(Information provided)
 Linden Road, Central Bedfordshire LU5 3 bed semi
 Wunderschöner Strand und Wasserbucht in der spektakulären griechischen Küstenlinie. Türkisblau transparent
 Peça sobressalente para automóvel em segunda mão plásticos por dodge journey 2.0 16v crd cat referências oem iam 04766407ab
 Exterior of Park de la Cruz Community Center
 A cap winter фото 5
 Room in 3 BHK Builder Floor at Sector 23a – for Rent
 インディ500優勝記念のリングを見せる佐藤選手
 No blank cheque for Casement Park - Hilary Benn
(End Information provided)
(Information provided)
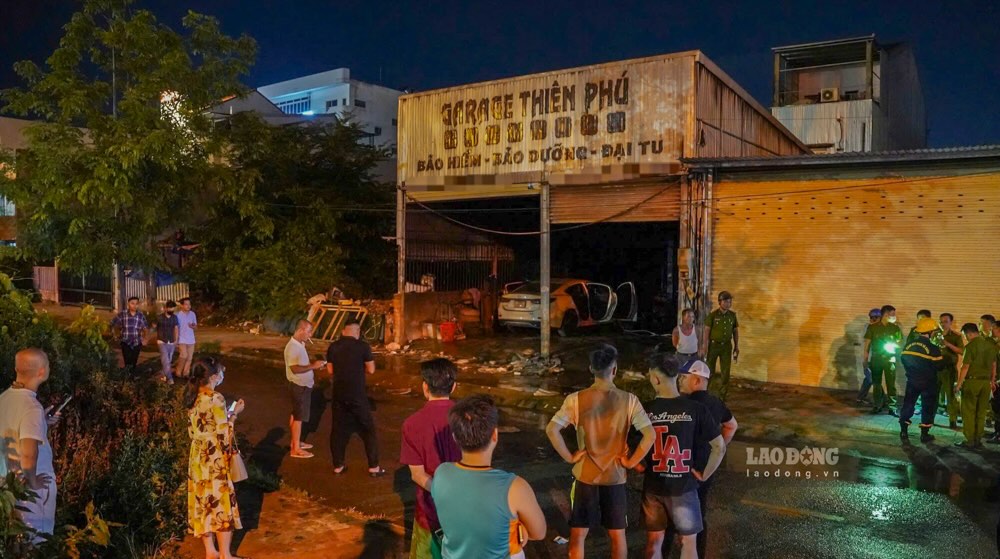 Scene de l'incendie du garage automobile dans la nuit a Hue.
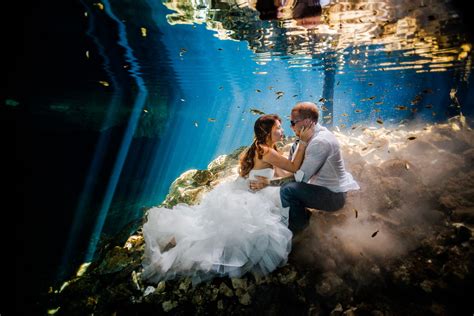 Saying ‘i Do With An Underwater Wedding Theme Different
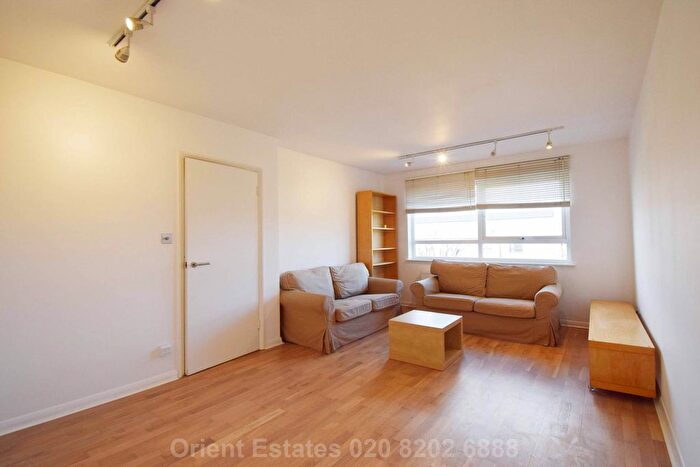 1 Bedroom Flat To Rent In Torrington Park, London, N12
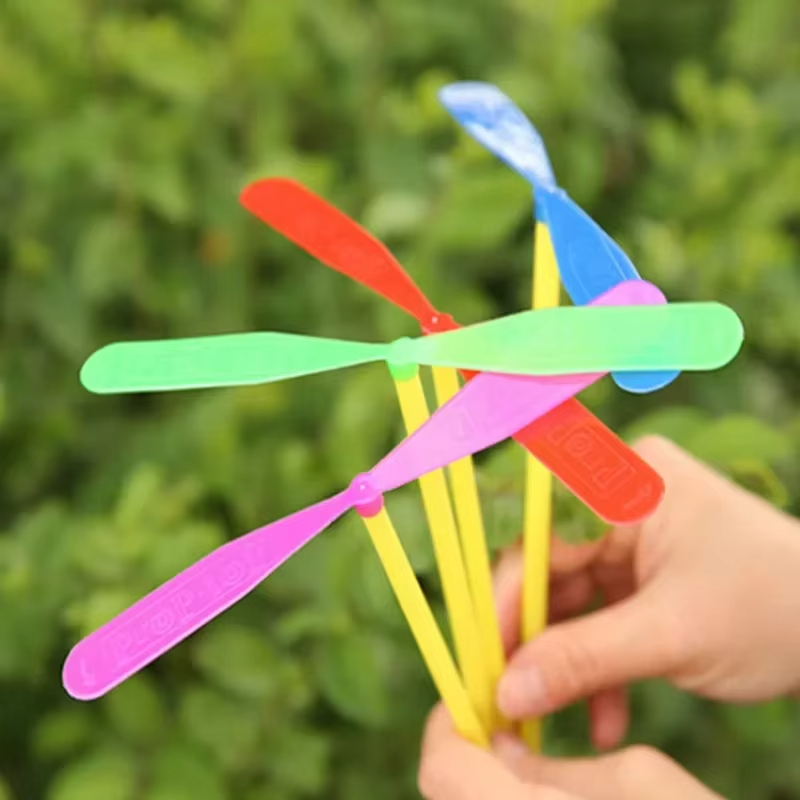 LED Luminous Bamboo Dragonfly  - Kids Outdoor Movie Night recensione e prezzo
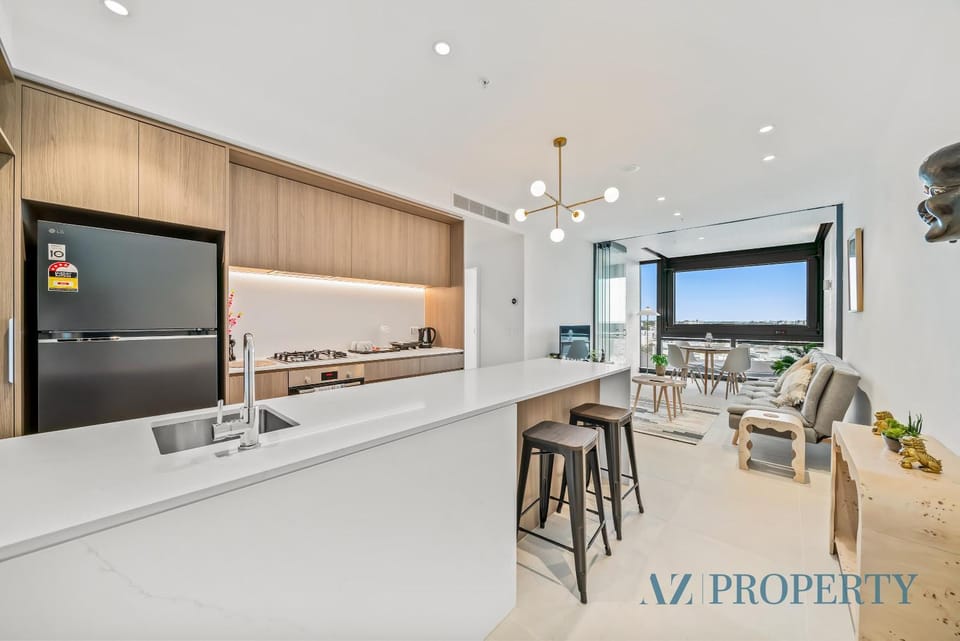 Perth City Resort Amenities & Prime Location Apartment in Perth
(End Information provided)
What is needed:
The response must hold only the lines above from the line with "Linden Road, Central" through the line with "No blank cheque", each copied exactly, both ends kept.

Worked solution:
 Linden Road, Central Bedfordshire LU5 3 bed semi
 Wunderschöner Strand und Wasserbucht in der spektakulären griechischen Küstenlinie. Türkisblau transparent
 Peça sobressalente para automóvel em segunda mão plásticos por dodge journey 2.0 16v crd cat referências oem iam 04766407ab
 Exterior of Park de la Cruz Community Center
 A cap winter фото 5
 Room in 3 BHK Builder Floor at Sector 23a – for Rent
 インディ500優勝記念のリングを見せる佐藤選手
 No blank cheque for Casement Park - Hilary Benn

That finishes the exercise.